Ingredients
- 1 kg Meat cow foot
- 2 cubes of knorr
- 10 leaves of utazi
- 1 tsp Edible potash
- 200 ml Palm oil
- 1 cup Ugba
- 6 Peppers Scotch bonnet
- 2 slice Onions
- 3 seeds of ehu calabash nutmeg
- Salt to taste
INSTRUCTIONS
- Season the meat with onions, two seasoning cubes and a teaspoon of salt. cook for 45 minutes. 15 minutes if you are using a pressure cooker.
- You just want the meat soft and easy to chew. The meat stock should be small and thick.
- boil the ugba for just 3 minutes with small water to eliminate fermenting bacterias.
- Disolve the potash in one cup of water and filter into a pot.
- Add the palm oil to the pot and stir very well, it should thicken and become yellow.

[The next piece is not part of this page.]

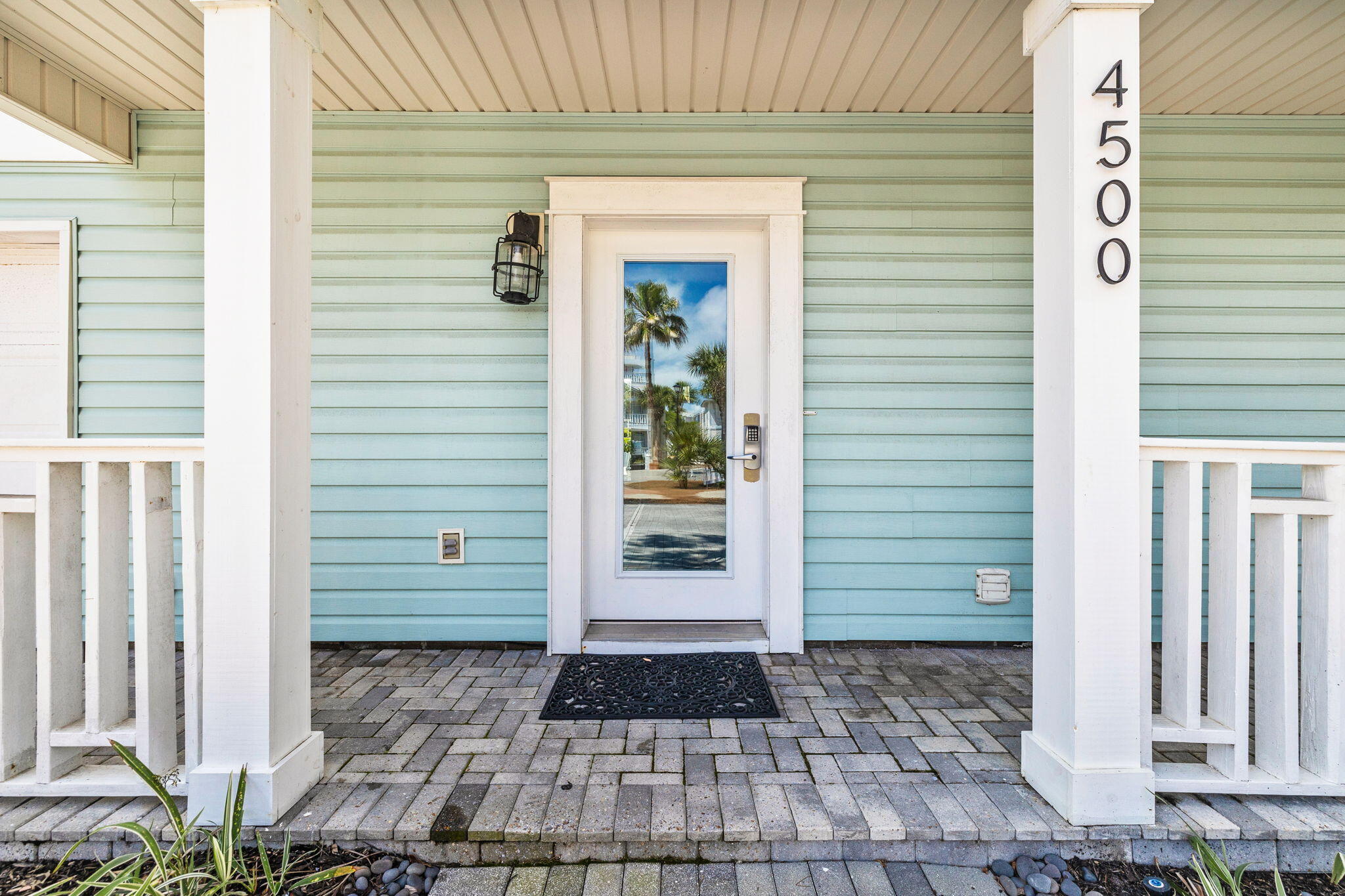 CRYSTAL SHORES - Residential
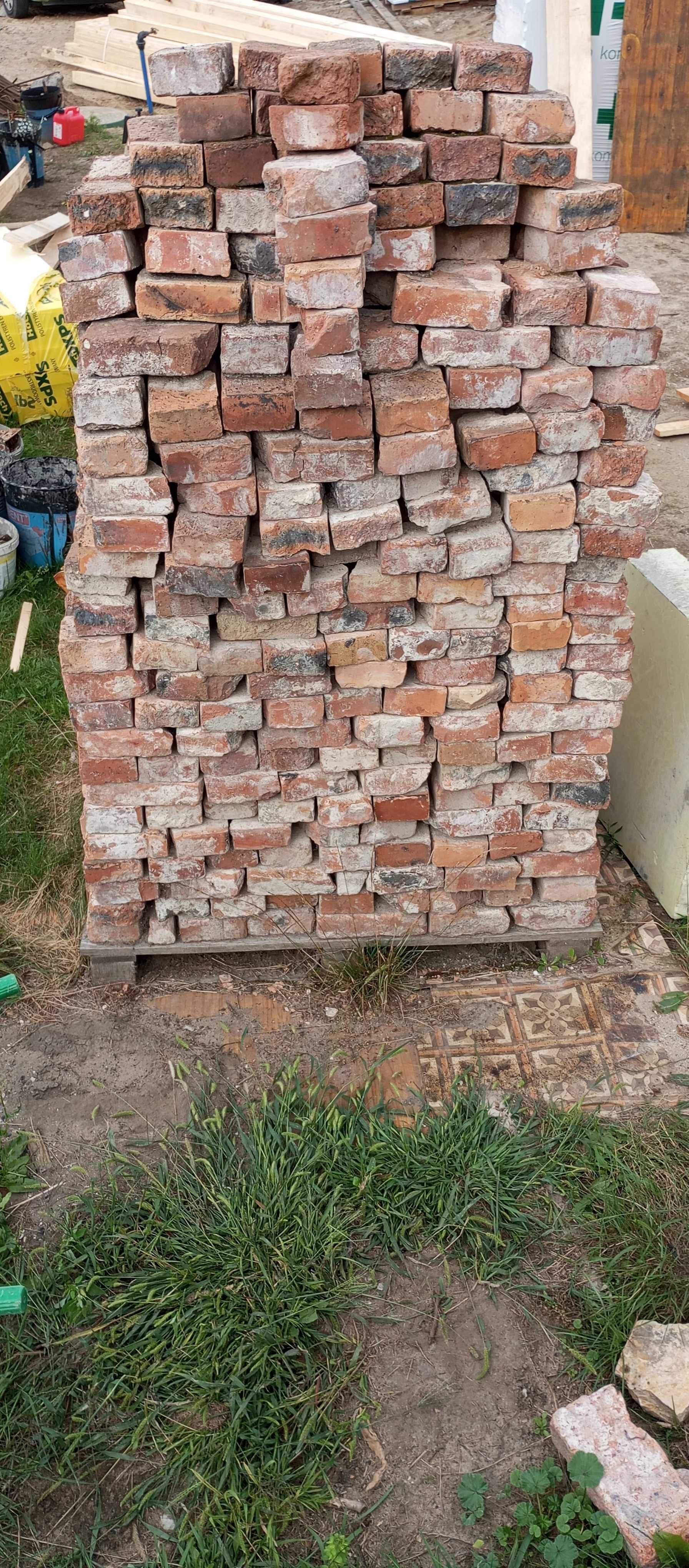 cegły  z rozbiórki starego domu około 1/2 i 3/4  BARDZO DUŻA  ilość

- To the same pot, add ground crayfish, Ugba, pepper and salt to taste.
- Add a seasoning cube, [utazi leaves, ehu, and peppers] (all pounded together)
- Stir together and add the meat.
- Stir and serve.
- Note: Some of the utazi should be pounded while the rest should be sliced. You add the pounded one during the preparation process and used the sliced one for decoration.